Point [tex][tex]$Q$[/tex][/tex] lies on the circle and has an [tex][tex]$x$[/tex][/tex]-coordinate of 4. Which value could be the [tex][tex]$y$[/tex][/tex]-coordinate for point [tex][tex]$Q$[/tex][/tex]?

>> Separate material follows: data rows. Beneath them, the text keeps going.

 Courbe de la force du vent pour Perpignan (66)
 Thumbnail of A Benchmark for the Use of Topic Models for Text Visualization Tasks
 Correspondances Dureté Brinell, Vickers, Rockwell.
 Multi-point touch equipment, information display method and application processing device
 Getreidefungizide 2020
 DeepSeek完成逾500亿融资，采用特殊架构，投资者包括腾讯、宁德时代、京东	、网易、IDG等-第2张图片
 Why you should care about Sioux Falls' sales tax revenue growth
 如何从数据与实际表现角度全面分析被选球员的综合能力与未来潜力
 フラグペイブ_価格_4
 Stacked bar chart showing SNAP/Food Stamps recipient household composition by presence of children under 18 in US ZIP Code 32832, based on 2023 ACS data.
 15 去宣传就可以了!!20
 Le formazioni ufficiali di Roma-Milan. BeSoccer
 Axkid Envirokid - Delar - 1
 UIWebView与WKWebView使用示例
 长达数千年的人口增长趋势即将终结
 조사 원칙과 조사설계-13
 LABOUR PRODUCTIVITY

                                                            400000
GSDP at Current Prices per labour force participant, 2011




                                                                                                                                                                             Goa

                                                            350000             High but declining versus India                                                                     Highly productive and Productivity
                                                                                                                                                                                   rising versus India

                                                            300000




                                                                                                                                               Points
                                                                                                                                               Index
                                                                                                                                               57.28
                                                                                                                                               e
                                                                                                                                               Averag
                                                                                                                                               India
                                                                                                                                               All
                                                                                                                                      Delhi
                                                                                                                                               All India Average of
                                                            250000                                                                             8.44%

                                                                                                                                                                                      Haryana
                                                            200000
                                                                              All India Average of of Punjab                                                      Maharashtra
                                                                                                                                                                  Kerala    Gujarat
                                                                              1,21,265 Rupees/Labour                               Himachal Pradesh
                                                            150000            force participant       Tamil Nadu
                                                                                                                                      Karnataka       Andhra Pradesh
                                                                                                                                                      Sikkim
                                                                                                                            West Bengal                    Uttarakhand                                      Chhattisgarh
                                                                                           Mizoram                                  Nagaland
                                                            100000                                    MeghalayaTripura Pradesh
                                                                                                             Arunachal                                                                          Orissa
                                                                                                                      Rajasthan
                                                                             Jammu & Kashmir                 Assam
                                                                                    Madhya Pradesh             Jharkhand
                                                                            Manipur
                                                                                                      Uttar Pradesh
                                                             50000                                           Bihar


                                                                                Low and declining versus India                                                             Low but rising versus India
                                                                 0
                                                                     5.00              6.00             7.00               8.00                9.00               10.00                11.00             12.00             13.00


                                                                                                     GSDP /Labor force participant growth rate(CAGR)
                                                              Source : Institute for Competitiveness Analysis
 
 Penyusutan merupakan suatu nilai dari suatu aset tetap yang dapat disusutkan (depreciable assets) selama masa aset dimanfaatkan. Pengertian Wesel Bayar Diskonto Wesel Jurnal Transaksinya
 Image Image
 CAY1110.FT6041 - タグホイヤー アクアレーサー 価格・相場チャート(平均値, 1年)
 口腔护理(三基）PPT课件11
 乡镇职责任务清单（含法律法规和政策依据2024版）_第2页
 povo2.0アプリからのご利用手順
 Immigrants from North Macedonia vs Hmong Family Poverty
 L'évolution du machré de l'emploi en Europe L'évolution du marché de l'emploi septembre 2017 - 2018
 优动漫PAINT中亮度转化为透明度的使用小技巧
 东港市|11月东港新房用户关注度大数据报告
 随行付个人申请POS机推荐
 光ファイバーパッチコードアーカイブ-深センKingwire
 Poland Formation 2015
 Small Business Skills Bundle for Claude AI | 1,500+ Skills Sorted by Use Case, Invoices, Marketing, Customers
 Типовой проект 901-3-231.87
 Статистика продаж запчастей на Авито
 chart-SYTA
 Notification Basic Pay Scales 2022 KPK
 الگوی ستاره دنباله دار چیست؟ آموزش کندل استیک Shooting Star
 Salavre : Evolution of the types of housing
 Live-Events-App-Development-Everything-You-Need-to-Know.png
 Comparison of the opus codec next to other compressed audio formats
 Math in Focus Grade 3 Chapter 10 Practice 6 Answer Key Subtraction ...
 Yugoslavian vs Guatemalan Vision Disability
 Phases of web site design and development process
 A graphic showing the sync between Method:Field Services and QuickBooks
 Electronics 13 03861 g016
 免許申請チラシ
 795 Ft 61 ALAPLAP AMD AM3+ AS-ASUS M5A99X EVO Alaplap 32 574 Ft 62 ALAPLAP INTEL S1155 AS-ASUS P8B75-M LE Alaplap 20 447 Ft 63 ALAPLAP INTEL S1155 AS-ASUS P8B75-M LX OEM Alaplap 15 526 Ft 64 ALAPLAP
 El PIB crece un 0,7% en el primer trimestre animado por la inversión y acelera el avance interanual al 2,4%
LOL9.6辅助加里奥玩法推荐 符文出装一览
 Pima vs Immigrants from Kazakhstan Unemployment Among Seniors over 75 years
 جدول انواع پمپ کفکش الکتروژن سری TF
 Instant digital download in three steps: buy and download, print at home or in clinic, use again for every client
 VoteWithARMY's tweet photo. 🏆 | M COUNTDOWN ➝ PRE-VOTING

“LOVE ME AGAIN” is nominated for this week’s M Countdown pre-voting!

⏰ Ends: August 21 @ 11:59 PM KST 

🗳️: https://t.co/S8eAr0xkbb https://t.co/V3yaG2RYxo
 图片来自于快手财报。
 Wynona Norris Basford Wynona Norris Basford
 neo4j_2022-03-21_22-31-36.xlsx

A. [tex][tex]$2 \sqrt{5}$[/tex][/tex]
B. [tex][tex]$4 \sqrt{2}$[/tex][/tex]
C. [tex][tex]$2 \sqrt{13}$[/tex][/tex]
D. [tex][tex]$8 \sqrt{2}$[/tex][/tex]



Answer :

To determine which value could be the [tex]\( y \)[/tex]-coordinate for point [tex]\( Q \)[/tex] with an [tex]\( x \)[/tex]-coordinate of [tex]\( 4 \)[/tex], we need to examine the given options numerically.

1. Option [tex]\( 2 \sqrt{5} \)[/tex]:
[tex]\[ 2 \sqrt{5} \approx 2 \times 2.236 = 4.472 \][/tex]
This value approximately equals [tex]\( 4.472 \)[/tex].

2. Option [tex]\( 4 \sqrt{2} \)[/tex]:
[tex]\[ 4 \sqrt{2} \approx 4 \times 1.414 = 5.657 \][/tex]
This value approximately equals [tex]\( 5.657 \)[/tex].

3. Option [tex]\( 2 \sqrt{13} \)[/tex]:
[tex]\[ 2 \sqrt{13} \approx 2 \times 3.606 = 7.211 \][/tex]
This value approximately equals [tex]\( 7.211 \)[/tex].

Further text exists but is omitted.